Jahnmatz M.,Swedish Institute for Communicable Disease Control |
Kesa G.,Mabtech AB |
Netterlid E.,Swedish Institute for Communicable Disease Control |
Buisman A.-M.,National Institute for Public Health and the Environment |
And 2 more authors.
Journal of Immunological Methods | Year: 2013
B-cell responses after infection or vaccination are often measured as serum titers of antigen-specific antibodies. Since this does not address the aspect of memory B-cell activity, it may not give a complete picture of the B-cell response. Analysis of memory B cells by ELISpot is therefore an important complement to conventional serology.

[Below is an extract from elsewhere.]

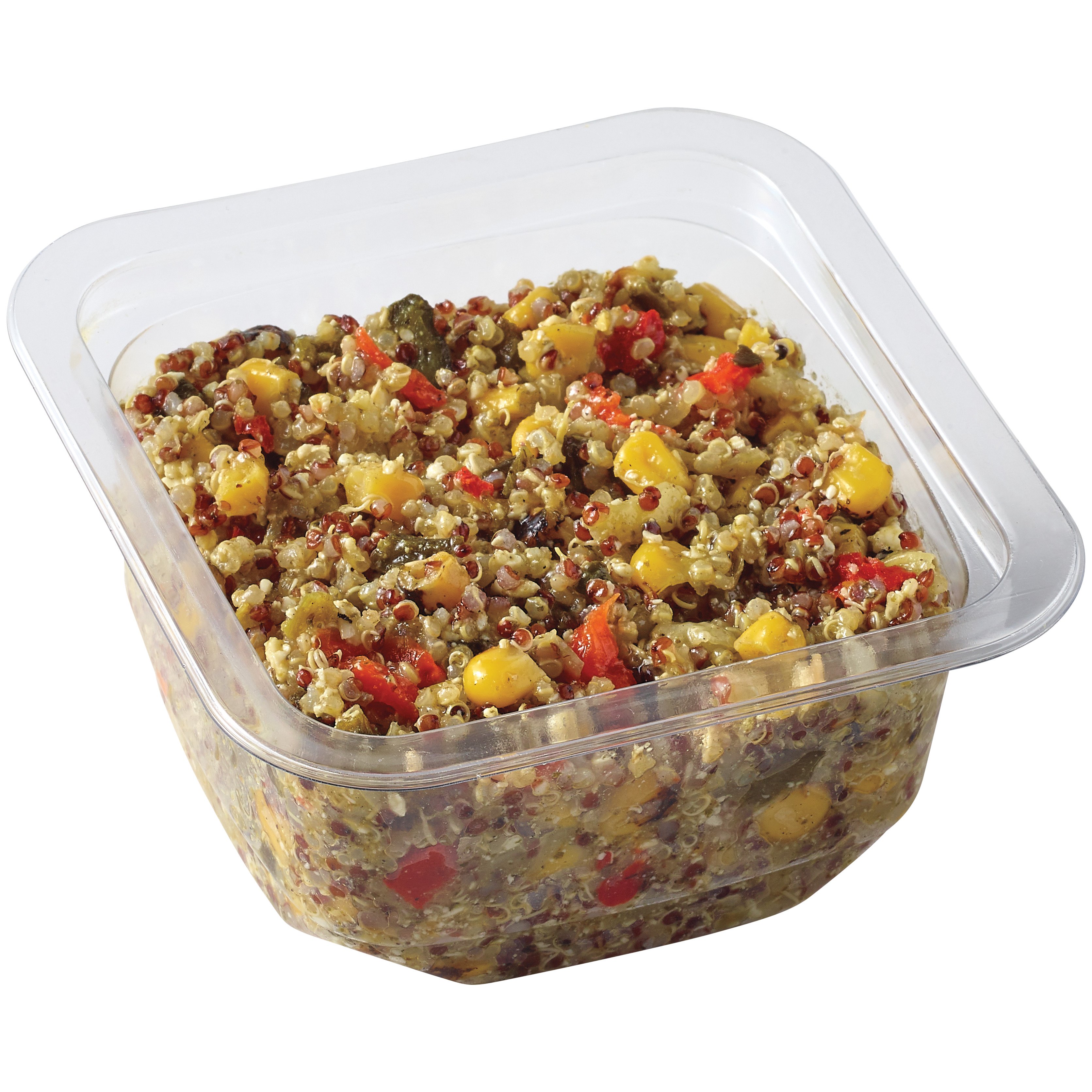 Meal Simple by HEB Roasted Vegetable Quinoa Grain Salad Shop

B-cell ELISpot was developed more than 25. years ago and many assay protocols/reagents would benefit from optimization. We therefore aimed at developing an optimized B-cell ELISpot for the analysis of vaccine-induced human IgG-secreting memory B cells. A protocol was developed based on new monoclonal antibodies to human IgG and biotin-avidin amplification to increase the sensitivity. After comparison of various compounds commonly used to in vitro-activate memory B cells for ELISpot analysis, the TLR agonist R848 plus Interleukin (IL)-2 was selected as the most efficient activator combination. The new protocol was subsequently compared to an established protocol, previously used in vaccine studies, based on polyclonal antibodies without biotin avidin amplification and activation of memory B-cells using a mix of antigen, CpG, IL-2 and IL-10. The new protocol displayed significantly better detection sensitivity, shortened the incubation time needed for the activation of memory B cells and reduced the amount of antigen required for the assay. The functionality of the new protocol was confirmed by analyzing specific memory B cells to five different antigens, induced in a limited number of subjects vaccinated against tetanus, diphtheria and pertussis. The limited number of subjects did not allow for a direct comparison with other vaccine studies. Optimization of the B-cell ELISpot will facilitate an improved analysis of IgG-secreting B cells in vaccine studies. © 2013 Elsevier B.V.